On June 24, 1944, Geoffrey Arnold Beck was born in Greater London, UK. From an early age, Jeff showed a deep interest in music, singing with the church choir from age 10, but his greater love was the guitar. After learning to play on a friend's guitar, Beck tried several times to build his own, using cigar boxes, fence posts, bolts and wires to construct odd instruments that probably didn't produce the best sound. But where the sound quality might have been lacking, Beck more than made up for it with ingenuity and innovation.
Which might help explain why he's considered one of the greatest, most influential guitarists of all time. Hovering somewhere near the ranks of Jimi Hendrix and B.B. King, Jeff Beck built a career on exploring and inventing new techniques. He invented the use of feedback and distortion in his playing, as well as many other techniques that are still influencing music today.
Beck introduced many of these techniques in his brief stiint as a guitarist for The Yardbirds. Though he only played with the group for 18 months, the work that The Yardbirds released in this time is generally considered to be some of their best.

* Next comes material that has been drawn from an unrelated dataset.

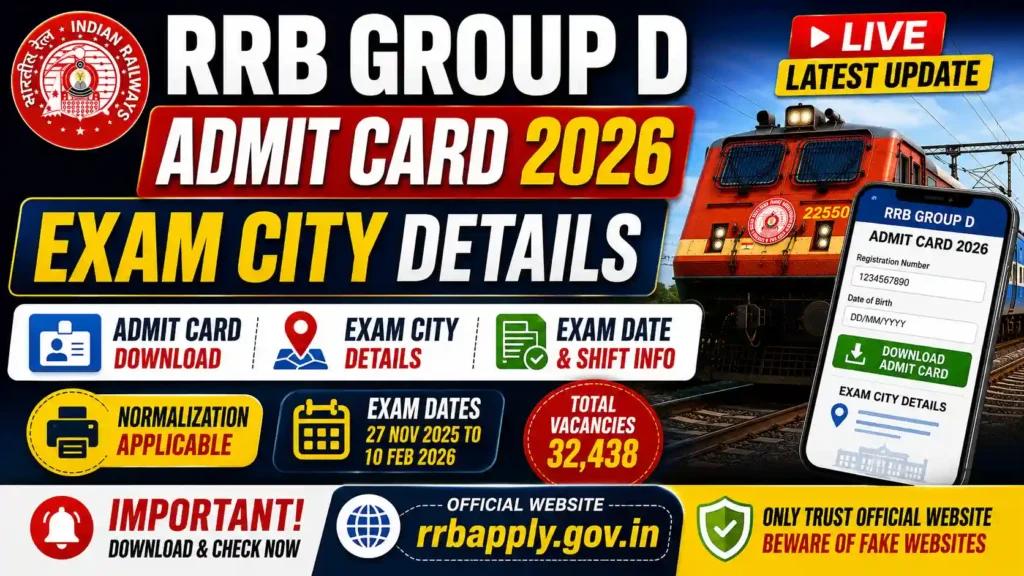RRB Group D Admit Card 2026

After leaving The Yardbirds, Beck started a new act called The Jeff Beck Group, featuring himself on lead guitar and a then unknown Rod Stewart on vocals. The 2 albums that The Jeff Beck Group produced, "Truth" and "Beck-Ola", were both critically acclaimed, and they are widely regarded as the inspiration for the heavy metal genre. In spite of their critical success, though, neither album was able to match the success of the newly formed Led Zeppelin, and The Jeff Beck Group broke up.
After the break up, Beck had plans to work with Bogert and Appice, from Vanilla Fudge, but a car accident left him with debilitating injuries and he was unable to play for nearly a year. When they finally did produce an album, it was met with lukewarm reception, and Beck embarked on his solo career.
The span of Jeff Beck's solo career spans many different styles and genres of music, a fact that might help to explain his lack of superstar success. He did create some critical work in this time, though, including "There and Back", an album he produced with Jan Hammer.
Though the 80s and 90s were a time of sporadic musical ouput for Jeff Beck, due to hearing and health problems, Jeff remains present and relevant in the music world today. But then, for a man who has spent his entire career exploring, and sometimes inventing, different genres of music, from Memphis blues to heavy metal to jazz fusion, that should hardly be a surprise.